The morning commute through Port au Prince is always an experience to behold. First, pray that there are handle bars because you’ll need to hold on. The word pothole doesn’t begin to describe the gaping craters, treacherous ‘speed bumps’ and other obstacles you’ll encounter. But it’s the sights you pass that complicate and deepen an otherwise adventurous ride to work.
Sights of vendors with various goods, people carrying water and other baskets and bags on their heads, children hoping to wash your windshield for change, everything buzzing around you, trash… the trash seems to be everywhere, but it’s the buildings that lay crumbled that call out as reminders.
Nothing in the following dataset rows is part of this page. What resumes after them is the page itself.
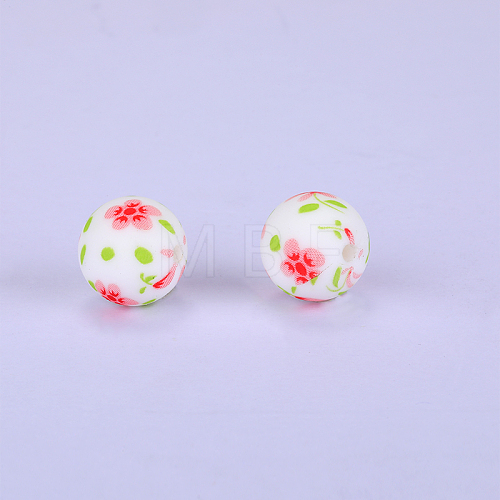 Printed Round with Flower Pattern Silicone Focal Beads SI-JX0056A-169-1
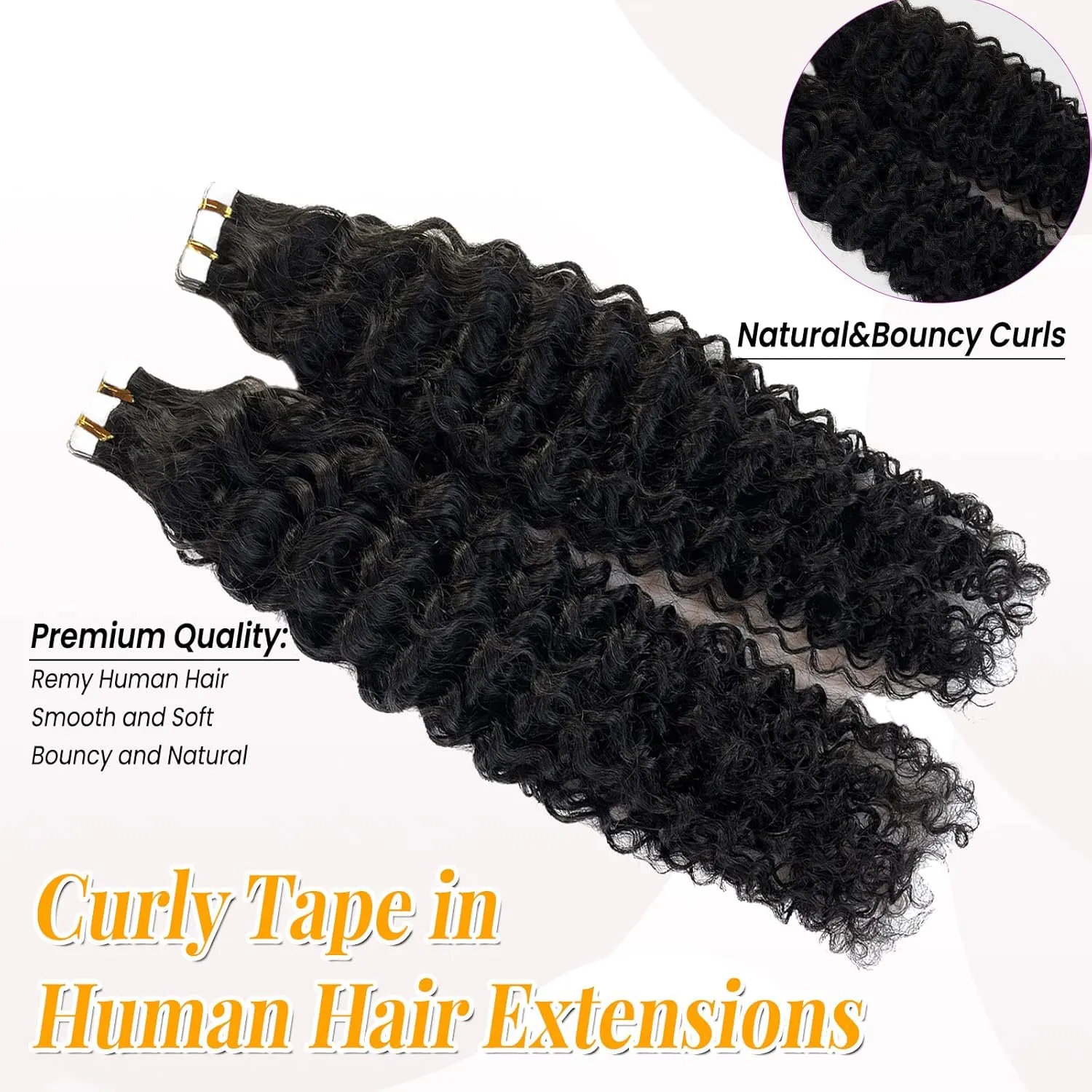 Curly Tape ins 40 pcs Kinky Tape in Hair Extensions Human Hair Natrual Black for Women 14 Inch 100G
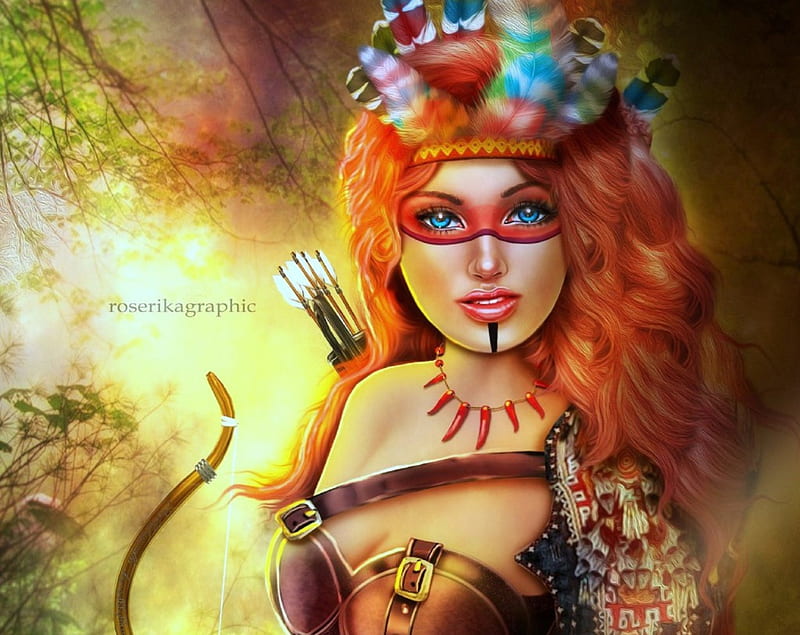 Indian Girl, redhead, indian, colors, love four seasons, bonito, creative pre-made, digital art, fantasy, manipulation, weird things people wear, girls, archer, feathers, HD wallpaper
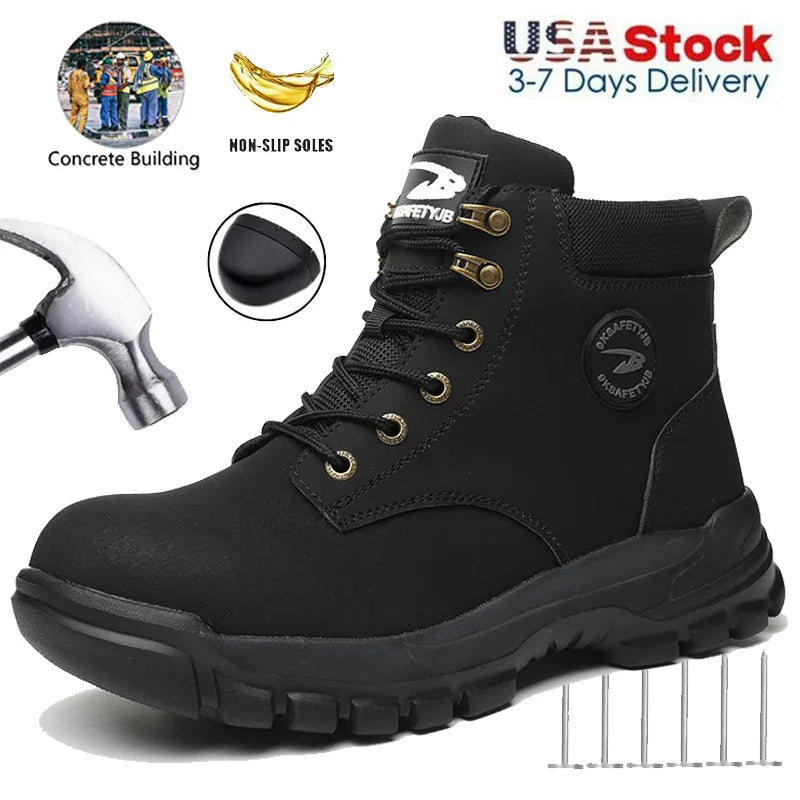 Men's Puncture-Proof Steel Toe Boots, Oil and Slip-Resistant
As we were driving we passed through an area that had more destruction than I had seen. Three story buildings lie pancaked on the ground, rebar twisted and contorted in concrete, unrecognizable. As we drove past a familiar song began to drift through the truck “… We shall overcome someday…someday…” The next neighborhood revealed a new school being painted teal blue and lemon yellow, while just a second further men struck rubble in unison with their sledgehammers, clearing the old for the new... Around the next turn “We need help” is scrawled on the wall. It was about this time when Richard, our camp manager, asked me very simply “If it was a family member who was trapped in the rubble, when would you stop digging?... When would you stop?” All I could think was “never.”
Camp Corail…
I was told that Corail was different. I knew going in that it was a “planned camp,” the result of a coordinated effort between the United Nations, the U.S. Military and aid agencies. Local staff informed me that it is situated on a vast stretch of parched land that’s surrounded by deforestation. One of its primary purposes is to act as a decongestion camp for Terrain de Golf, which goes by many names, but one that rings a bell is “Sean Penn’s Camp.” In real terms, this means that Terrain de Golf is overcrowded and at risk for flooding, fires and more, so they move people to a safer area, i.e. Camp Corail. Currently there are 4,912 people living there in 1,290 tents. 15 have been left open and are being held for people with disabilities. (It’s amazing what a camp manager knows!)
As we drove up I had the feeling we were entering Area 51. The chalky desert dust goes on forever with neatly lined rows of white tents, each containing their own world. Everything is clean & tidy – words you wouldn’t normally associate with a displaced persons camp. Once settled and walking around I found two little boys constructing kites out of plastic bags and twine. This was the perfect kite flying environment! Up into the sky they went sailing. A couple tents down I found a woman running a small business with candies, sodas and other goods. A little bit further I heard a woman calling to me from in her tent. I stopped and doubled back. She invited me in and we introduced ourselves, despite the fact that we spoke no common language. She seemed to be about the same age and was cooking a small meal for herself and her friend. I couldn’t help but notice how sparse her tent was, but once inside you realize it’s someone’s world all the same. I was thankful she had invited me in.